My mother collects words the way another woman collects charms on a bracelet. Each one is special, some more than others. Although she writes books–five to date, all of them in Spanish–she struggles when it comes to expressing how she feels. The exceptions are anger and disappointment. Those words roll off the tongue like slick candy. (More like spitballs.)
Every birthday card she has ever written me says: I love you very much!! Mom. Two exclamation points, always. Ellipses, often. For a long time she included a quote she felt represented me or my year ahead. She did this for my brothers, too, and in the days before the internet you could find her sitting in her library with at least two of her quotation books on her lap. You can still find her sitting with books in her lap. I’m confident she has no idea you can find quotes on the internet.
When I first got married, she used to send me letters filled with quotes. A quick greeting (You know your mother…!!) followed by a series of quotes she felt I needed to read. I miss those letters. They stopped, probably because she felt I was grown up, but I don’t know that children ever really grow up.
The earth is full of people with clever things to say. You need only go on Pinterest to figure that out. There are quotes about writing, living, and dying. There are quotes about loving, hating, and letting go. There are quotes about running. Quotes about travel. Quotes about faith and despair and apathy. There are a lot of quotes!
Being the quote lover that I am, I pinned many of them at first. Then, one day I heard of this pin. The photographer of the picture commented that it was unauthorized use of her image and requested that the pin be taken down. The original pinner and at least one other person told her lighten up, and that if she didn’t want people to use her work she shouldn’t have put it on the internet.
The most frustrating thing about mean and stupid people is that they are unavoidable.

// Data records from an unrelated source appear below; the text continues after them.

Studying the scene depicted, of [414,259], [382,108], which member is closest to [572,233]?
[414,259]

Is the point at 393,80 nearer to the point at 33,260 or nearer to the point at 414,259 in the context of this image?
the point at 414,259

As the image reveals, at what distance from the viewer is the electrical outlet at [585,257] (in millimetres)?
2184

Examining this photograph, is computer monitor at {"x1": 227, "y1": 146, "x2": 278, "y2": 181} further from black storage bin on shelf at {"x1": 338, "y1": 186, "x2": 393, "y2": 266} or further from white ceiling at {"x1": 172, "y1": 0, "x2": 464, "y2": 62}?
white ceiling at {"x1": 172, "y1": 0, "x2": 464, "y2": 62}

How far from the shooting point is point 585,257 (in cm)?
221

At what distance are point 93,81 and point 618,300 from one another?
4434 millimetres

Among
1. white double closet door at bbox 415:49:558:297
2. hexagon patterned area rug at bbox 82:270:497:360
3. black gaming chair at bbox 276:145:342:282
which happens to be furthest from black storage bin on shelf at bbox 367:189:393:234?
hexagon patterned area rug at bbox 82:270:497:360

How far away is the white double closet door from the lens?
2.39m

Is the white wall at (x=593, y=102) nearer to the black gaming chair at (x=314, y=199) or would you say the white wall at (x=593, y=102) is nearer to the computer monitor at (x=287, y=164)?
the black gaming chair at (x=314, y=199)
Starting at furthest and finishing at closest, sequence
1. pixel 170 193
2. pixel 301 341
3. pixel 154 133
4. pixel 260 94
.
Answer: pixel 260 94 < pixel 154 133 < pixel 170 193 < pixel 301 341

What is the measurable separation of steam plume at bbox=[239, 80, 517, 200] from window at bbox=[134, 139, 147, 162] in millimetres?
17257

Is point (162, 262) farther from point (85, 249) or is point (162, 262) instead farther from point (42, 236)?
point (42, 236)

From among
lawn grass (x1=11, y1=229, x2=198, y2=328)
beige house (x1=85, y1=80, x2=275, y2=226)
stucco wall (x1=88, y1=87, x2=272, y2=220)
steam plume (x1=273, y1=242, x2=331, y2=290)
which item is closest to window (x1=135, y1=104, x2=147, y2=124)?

Honestly, it never occurred to me that many or some or even one of those quote-images used stolen photography. Never even crossed my mind, probably because it’s something I would never consider doing. I stopped pinning quotes after that unless I could verify the image wasn’t stolen. I’ve had to pass up on a lot of pretty pins.
That’s what some Sundays are going to be about around here. If I find a picture of mine I like that goes with a quote I like just as much, I’ll put them together. If I come up empty that week, so be it. It’s a semi-regular feature, and I already sneaked one in. It was a response to a minor freak out I had about fan fiction on facebook.

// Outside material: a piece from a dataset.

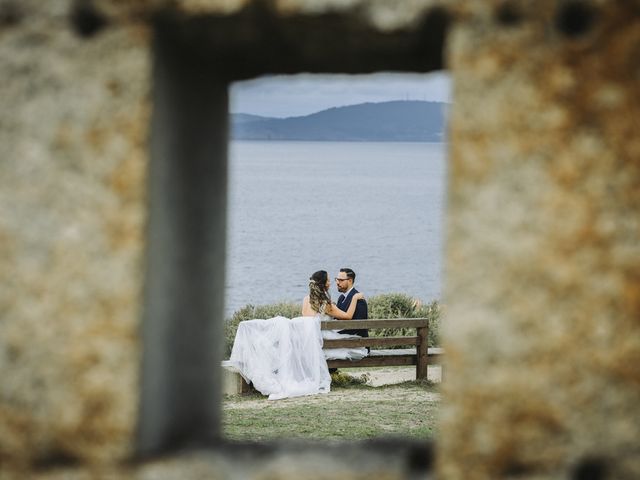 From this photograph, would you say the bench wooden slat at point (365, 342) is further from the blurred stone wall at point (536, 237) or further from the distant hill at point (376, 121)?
the distant hill at point (376, 121)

It’s part dedication to my mom, part opportunity for me to keep collecting the words I love so much. Of course, it’s okay for anyone to pin and share–just not sell. Not that anyone would want to sell my photos, but you know.

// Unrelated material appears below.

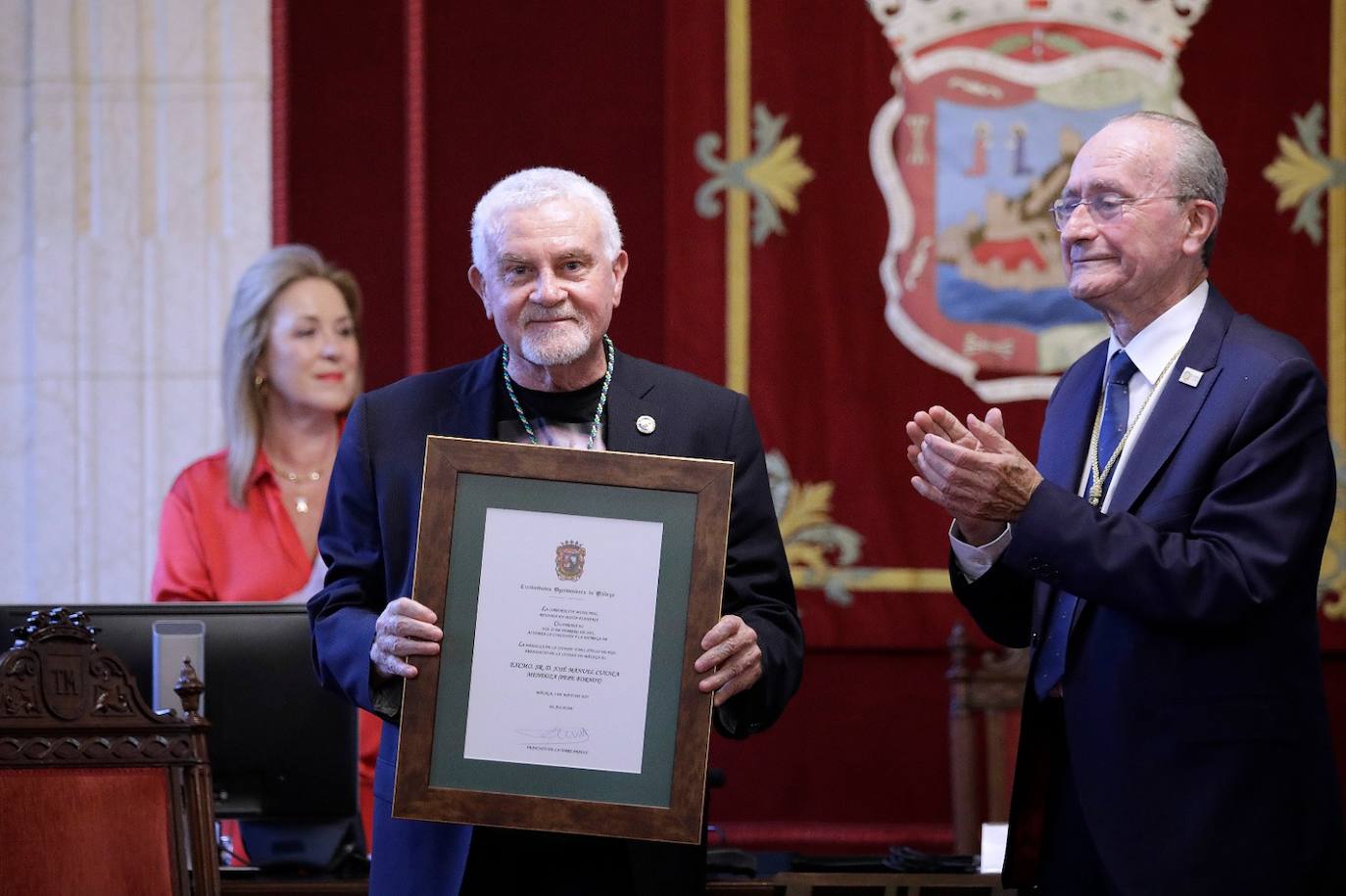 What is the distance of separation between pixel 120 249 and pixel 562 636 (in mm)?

The letters pictured above are from my mom in 2001, shortly after I got married. I believe I was struggling/hating every minute of law school at the time. I framed them immediately and hung them in my office. They’re only in the laundry room because it’s prettier than our office, but I might change out the frames (12 years, it’s time) and hang them above my desk.
I can’t decide if I’m extraordinarily calm or numb with nerves. The Craft Cabinet is only a few days away; it’s time for me to start cracking on that To-Do list. After that, the count-down begins for the first day of school. We’ll be eking out every last bit of summer vacation until then. Please excuse my infrequent posting until September, is what I’m saying.
Doesn’t September seem a long ways off? It’s only two weeks. Two weeks! We’ll start the month off with a bang: book club discussion on The Immortal Life of Henrietta Lacks on Monday, September 3rd, followed by the return of The William Morris Project on that Thursday.
For September, we’ll be reading book 1 of the Detergent Series, which I believe is Divergent. I honestly have no idea–I’m not trying to be funny–so please double check that I have it right before you buy or check out. It’s Divergent or Insurgent. That much I know.
In October we will read Gone Girl by Gillian Flynn. It’s on sale right now at Costco and Sam’s Club, if that helps. I hear the library holds are moving quickly, too, and that might be because the ending has people either waxing poetic or shaking their fists. Each side is convinced the other is insane. What we have here, folks, is an all out Book Nerd War. I can’t wait to see what happens in the comments.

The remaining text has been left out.